> [DATASET CONTENT]:

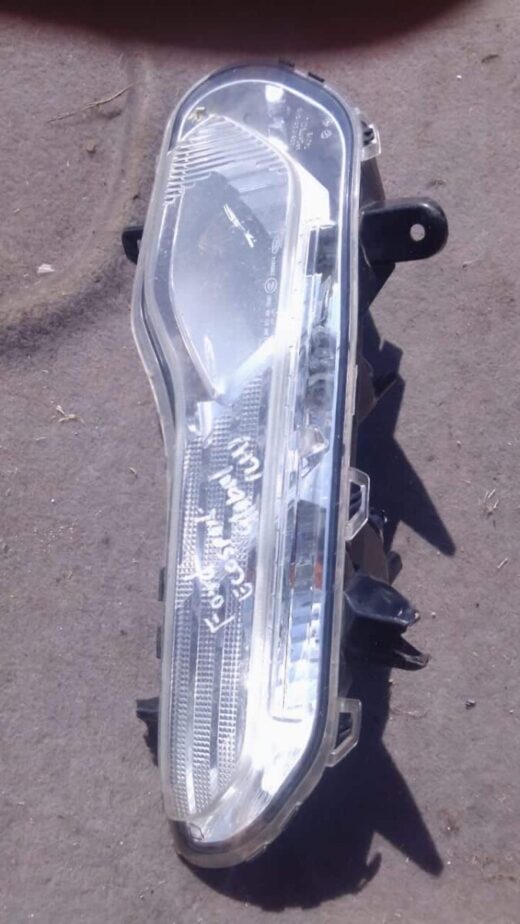 2013 Ford Kuga Right Spotlight - Used 2013 Ford Kuga Right Spotlight – Used – main product image
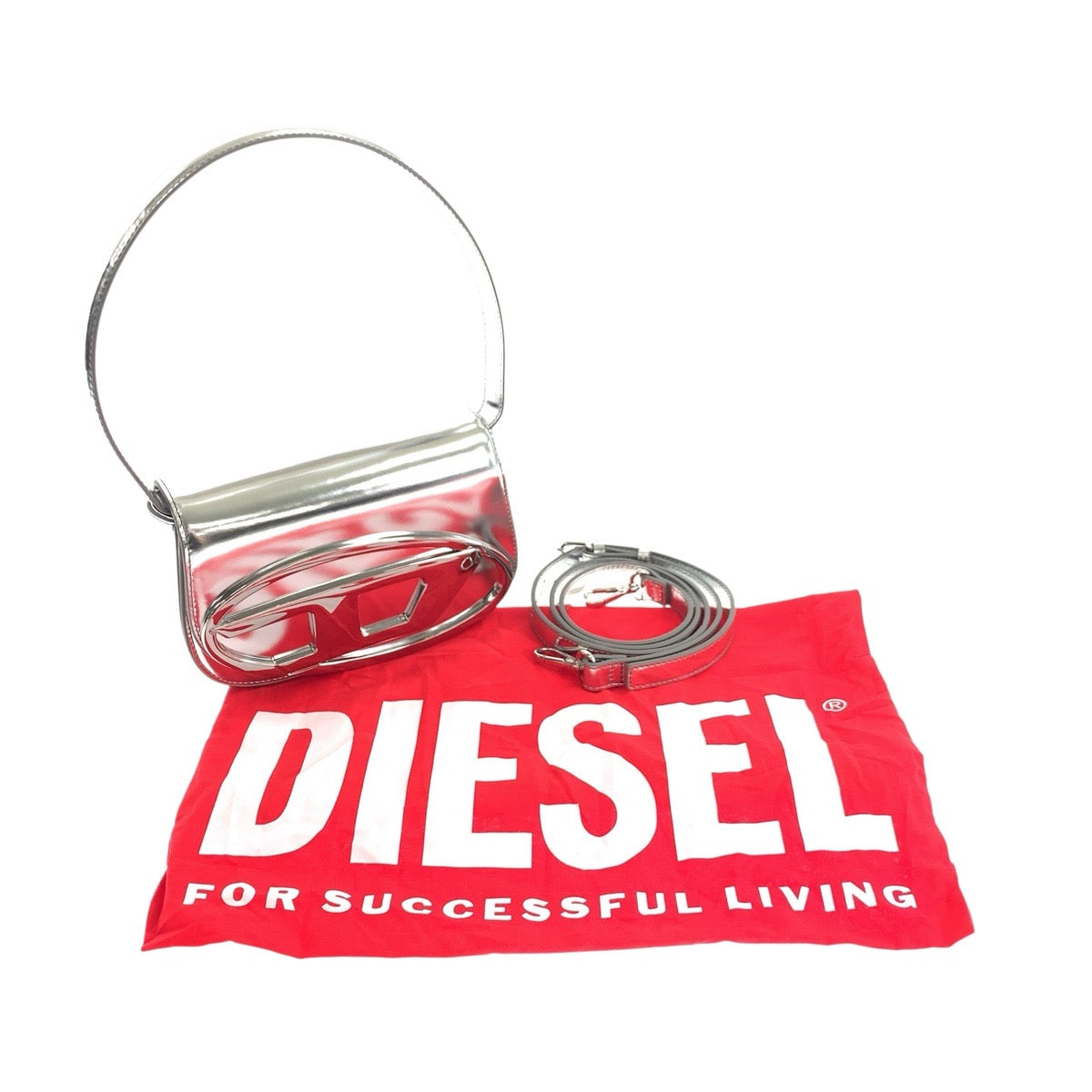 24728
DIESEL ディーゼル シルバー シルバー金具 牛革 ショルダーバッグ ハンドバッグ レディース SA28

> [WORK TO COMPLETE]: Copy every line of the data exactly as written, excluding the pictures.

> [TASK OUTPUT]:
 2013 Ford Kuga Right Spotlight - Used 2013 Ford Kuga Right Spotlight – Used – main product image
 24728
DIESEL ディーゼル シルバー シルバー金具 牛革 ショルダーバッグ ハンドバッグ レディース SA28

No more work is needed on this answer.